Risk Metrics and Fine Tuning of High Frequency Trading Strategies
University College London - Department of Mathematics
University of Toronto - Department of Statistics
February 24, 2012
Forthcoming, Mathematical Finance
We propose risk metrics to assess the performance of High Frequency (HF) trading strategies that seek to maximize profits from making the realized spread where the holding period is extremely short (fractions of a second, seconds or at most minutes). The HF trader maximizes expected terminal wealth and is constrained by both capital and the amount of inventory that she can hold at any time. The risk metrics enable the HF trader to fine tune her strategies by trading off different metrics of inventory risk, which also proxy for capital risk, against expected profits.
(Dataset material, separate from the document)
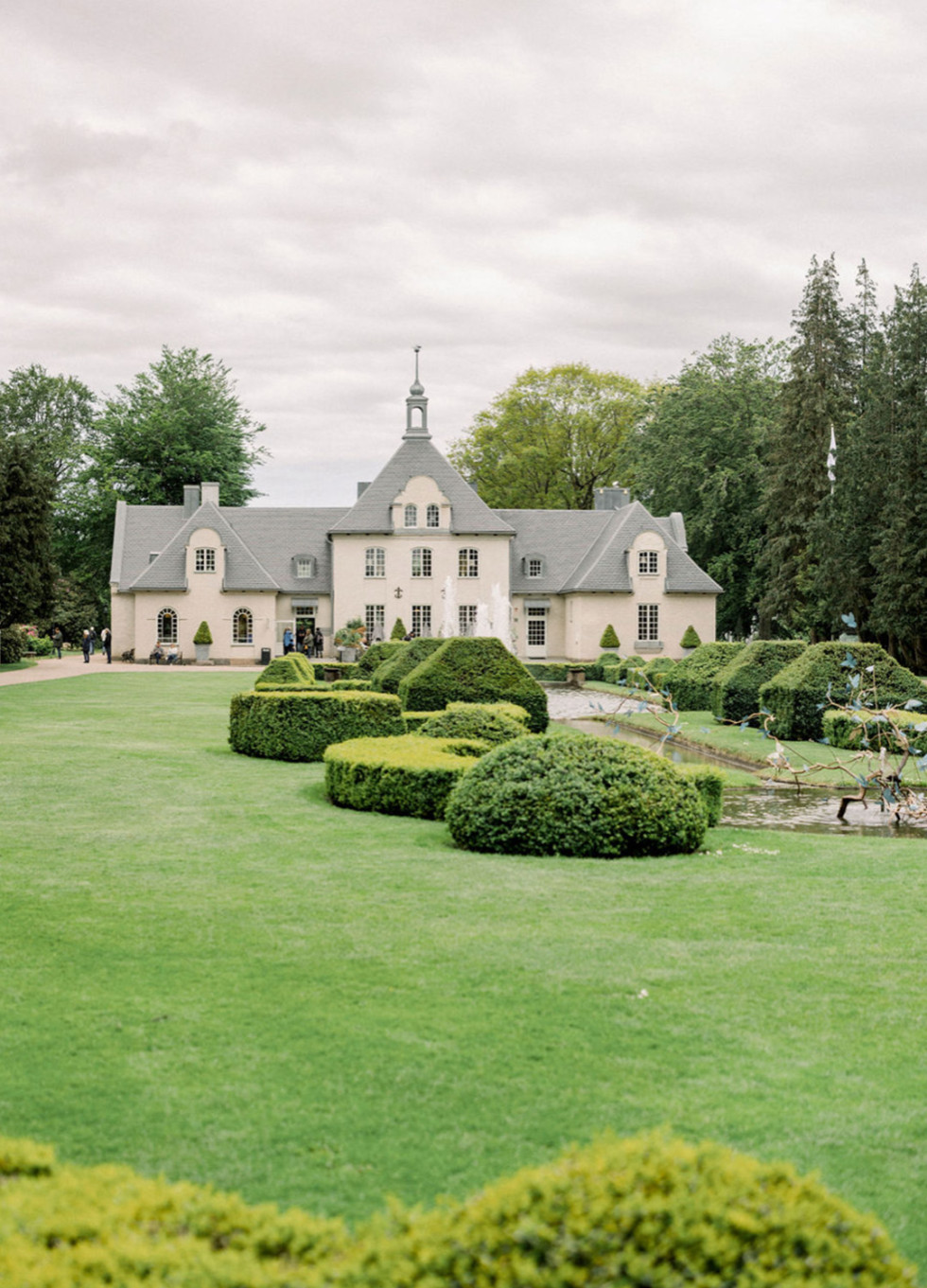 Vacker bröllopsmiljö i de blomstrande Norrvikens Trädgårdar, omgiven av grönska och vackra växter.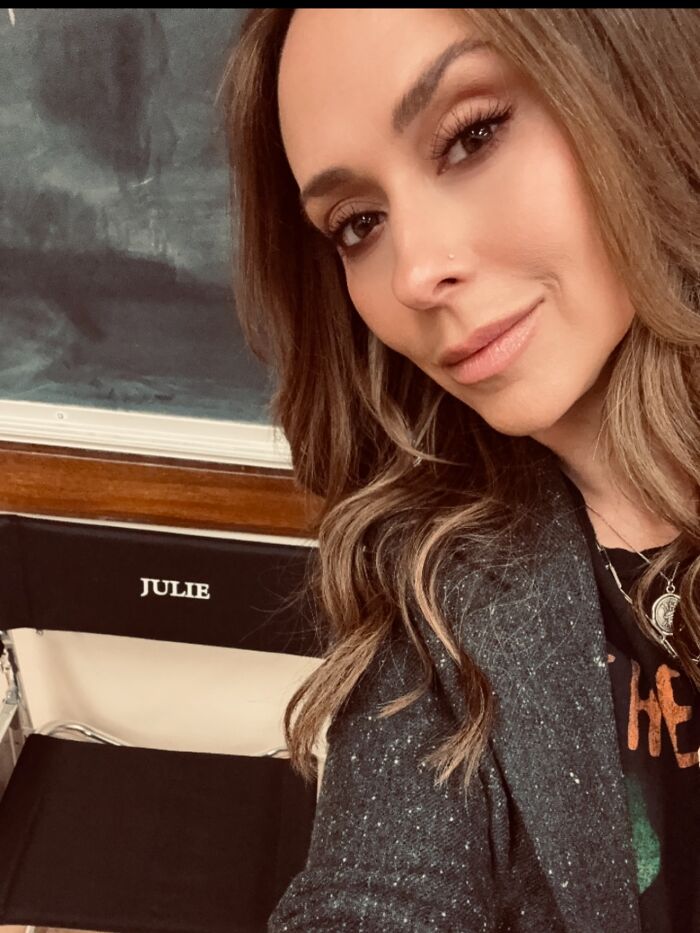 Jennifer Love Hewitt close-up selfie with natural makeup and wavy hair, fans defend her against body shaming.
The dynamics of the midprice of the asset are driven by information flows which are impounded in the midprice by market participants who update their quotes in the limit order book. Furthermore, the midprice also exhibits stochastic jumps as a consequence of the arrival of market orders that have an impact on prices which can give rise to market momentum (expected prices to trend up or down). The HF trader's optimal strategy incorporates a buffer to cover adverse selection costs and manages inventories to maximize the expected gains from market momentum.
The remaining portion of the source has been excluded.